User-friendly, type safe, runtime efficient tooling for working with tabular data deserialized from comma-separated values (CSV) files. The type of each row of data is inferred from data, which can then be streamed from disk, or worked with in memory.
We provide streaming and in-memory interfaces for efficiently working with datasets that can be safely indexed by column names found in the data files themselves. This type safety of column access and manipulation is checked at compile time.

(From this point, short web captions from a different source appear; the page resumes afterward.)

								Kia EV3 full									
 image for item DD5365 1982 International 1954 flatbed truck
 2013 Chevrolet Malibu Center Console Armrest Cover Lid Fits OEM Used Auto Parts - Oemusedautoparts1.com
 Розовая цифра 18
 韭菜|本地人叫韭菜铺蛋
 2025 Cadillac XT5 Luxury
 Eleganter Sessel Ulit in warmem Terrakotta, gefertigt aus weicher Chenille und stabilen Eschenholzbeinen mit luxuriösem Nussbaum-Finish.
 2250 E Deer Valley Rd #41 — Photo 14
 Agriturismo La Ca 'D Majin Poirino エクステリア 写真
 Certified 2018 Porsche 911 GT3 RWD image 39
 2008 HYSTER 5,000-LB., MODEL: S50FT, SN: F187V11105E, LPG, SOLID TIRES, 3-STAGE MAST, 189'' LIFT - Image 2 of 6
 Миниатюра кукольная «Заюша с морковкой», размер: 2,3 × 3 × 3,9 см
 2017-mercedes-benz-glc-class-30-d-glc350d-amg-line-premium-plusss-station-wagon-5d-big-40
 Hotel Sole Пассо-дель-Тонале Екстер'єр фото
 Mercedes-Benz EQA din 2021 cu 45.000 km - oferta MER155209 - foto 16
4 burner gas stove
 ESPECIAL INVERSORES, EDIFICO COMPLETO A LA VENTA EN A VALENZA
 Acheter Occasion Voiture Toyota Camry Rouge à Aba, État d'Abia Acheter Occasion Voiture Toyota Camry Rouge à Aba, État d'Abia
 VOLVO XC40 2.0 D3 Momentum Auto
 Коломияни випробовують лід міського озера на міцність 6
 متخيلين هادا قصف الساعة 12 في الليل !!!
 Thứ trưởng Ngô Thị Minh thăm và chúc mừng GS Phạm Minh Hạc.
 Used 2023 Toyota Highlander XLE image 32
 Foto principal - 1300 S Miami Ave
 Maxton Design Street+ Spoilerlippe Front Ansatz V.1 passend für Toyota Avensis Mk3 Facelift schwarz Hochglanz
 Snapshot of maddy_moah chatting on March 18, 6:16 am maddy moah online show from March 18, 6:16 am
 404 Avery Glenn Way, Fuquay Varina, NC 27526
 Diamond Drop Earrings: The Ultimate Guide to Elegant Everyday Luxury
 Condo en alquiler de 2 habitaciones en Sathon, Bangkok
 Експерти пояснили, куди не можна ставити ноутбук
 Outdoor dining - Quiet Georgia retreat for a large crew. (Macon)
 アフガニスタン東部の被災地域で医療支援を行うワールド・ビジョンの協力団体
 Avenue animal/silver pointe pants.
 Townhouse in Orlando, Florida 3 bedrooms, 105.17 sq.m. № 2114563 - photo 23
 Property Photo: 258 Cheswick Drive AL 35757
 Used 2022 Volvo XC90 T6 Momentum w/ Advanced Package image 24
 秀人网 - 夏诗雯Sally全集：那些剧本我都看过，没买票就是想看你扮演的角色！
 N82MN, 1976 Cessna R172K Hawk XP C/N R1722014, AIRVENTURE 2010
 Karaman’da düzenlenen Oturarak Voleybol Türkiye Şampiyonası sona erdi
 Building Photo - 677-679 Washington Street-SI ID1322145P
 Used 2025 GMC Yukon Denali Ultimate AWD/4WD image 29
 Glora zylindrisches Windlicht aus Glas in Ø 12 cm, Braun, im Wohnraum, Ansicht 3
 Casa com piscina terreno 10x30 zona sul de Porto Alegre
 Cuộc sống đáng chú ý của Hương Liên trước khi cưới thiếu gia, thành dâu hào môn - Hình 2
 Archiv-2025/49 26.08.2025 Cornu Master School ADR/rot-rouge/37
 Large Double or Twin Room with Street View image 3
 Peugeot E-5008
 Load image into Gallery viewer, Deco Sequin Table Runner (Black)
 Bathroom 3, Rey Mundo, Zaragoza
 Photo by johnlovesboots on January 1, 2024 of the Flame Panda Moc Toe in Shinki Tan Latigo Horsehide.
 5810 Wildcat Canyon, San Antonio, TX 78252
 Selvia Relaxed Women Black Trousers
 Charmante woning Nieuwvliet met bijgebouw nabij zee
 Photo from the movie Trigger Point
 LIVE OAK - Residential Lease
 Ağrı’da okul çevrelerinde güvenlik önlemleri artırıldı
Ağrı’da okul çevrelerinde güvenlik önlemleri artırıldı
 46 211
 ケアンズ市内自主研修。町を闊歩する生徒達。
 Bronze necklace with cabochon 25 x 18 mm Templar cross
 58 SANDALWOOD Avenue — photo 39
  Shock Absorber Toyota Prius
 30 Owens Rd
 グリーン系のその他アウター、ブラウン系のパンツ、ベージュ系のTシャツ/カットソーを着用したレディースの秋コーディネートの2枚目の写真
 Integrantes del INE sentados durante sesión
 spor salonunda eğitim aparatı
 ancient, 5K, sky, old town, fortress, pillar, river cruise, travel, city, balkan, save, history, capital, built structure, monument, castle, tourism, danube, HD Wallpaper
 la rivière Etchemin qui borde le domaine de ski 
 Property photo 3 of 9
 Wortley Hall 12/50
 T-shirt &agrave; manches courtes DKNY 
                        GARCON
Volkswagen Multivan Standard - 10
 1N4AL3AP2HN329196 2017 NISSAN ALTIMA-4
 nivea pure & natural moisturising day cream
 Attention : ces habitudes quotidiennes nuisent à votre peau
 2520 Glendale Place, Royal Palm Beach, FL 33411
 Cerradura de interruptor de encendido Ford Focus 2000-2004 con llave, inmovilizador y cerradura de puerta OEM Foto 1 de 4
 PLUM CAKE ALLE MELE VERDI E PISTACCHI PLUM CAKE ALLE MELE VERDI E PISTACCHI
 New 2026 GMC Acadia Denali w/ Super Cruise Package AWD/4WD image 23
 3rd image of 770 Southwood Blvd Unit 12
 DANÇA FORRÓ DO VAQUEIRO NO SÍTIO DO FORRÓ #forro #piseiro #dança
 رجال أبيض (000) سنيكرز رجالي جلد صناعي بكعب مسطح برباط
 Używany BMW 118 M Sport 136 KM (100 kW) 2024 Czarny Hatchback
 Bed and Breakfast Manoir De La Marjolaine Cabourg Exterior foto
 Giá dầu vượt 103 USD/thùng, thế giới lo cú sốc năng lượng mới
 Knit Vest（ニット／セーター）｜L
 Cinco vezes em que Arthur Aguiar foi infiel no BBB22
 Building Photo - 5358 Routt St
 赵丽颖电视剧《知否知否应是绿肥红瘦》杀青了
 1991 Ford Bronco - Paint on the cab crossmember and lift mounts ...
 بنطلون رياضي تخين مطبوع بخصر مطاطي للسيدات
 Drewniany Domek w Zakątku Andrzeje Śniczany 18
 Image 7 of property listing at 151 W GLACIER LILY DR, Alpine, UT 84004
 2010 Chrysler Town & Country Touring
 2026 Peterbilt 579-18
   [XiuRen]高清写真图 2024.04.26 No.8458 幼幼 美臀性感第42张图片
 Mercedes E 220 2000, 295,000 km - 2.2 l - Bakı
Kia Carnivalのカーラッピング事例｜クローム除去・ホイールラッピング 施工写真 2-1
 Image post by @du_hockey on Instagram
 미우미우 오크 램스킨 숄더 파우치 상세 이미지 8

For comparison to working with data frames in other languages, see the tutorial.
To play with various
demos, I
recommend working in a cabal
sandbox, and not installing the
executables associated with each demo.
$ cabal sandbox init
$ cabal install --dependencies-only -f demos
$ cabal configure -f demos
$ cabal run getdata
$ cabal run plot
The getdata
program downloads data sets used by the plot
and
plot2
demo programs. Feel free to download those files manually;
they are linked from the source for the demo programs that use them.
You can also explore the demos interactively by specifying a build
target to cabal repl
,
$ cabal repl plot
The benchmark shows several ways of dealing with data when you want to perform multiple traversals.
Another demo shows how to fuse multiple passes into one so that the full data set is never resident in memory. A Pandas version of a similar program is also provided for comparison.
This is a trivial program, but shows that performance is comparable to Pandas, and the memory savings of a compiled program are substantial.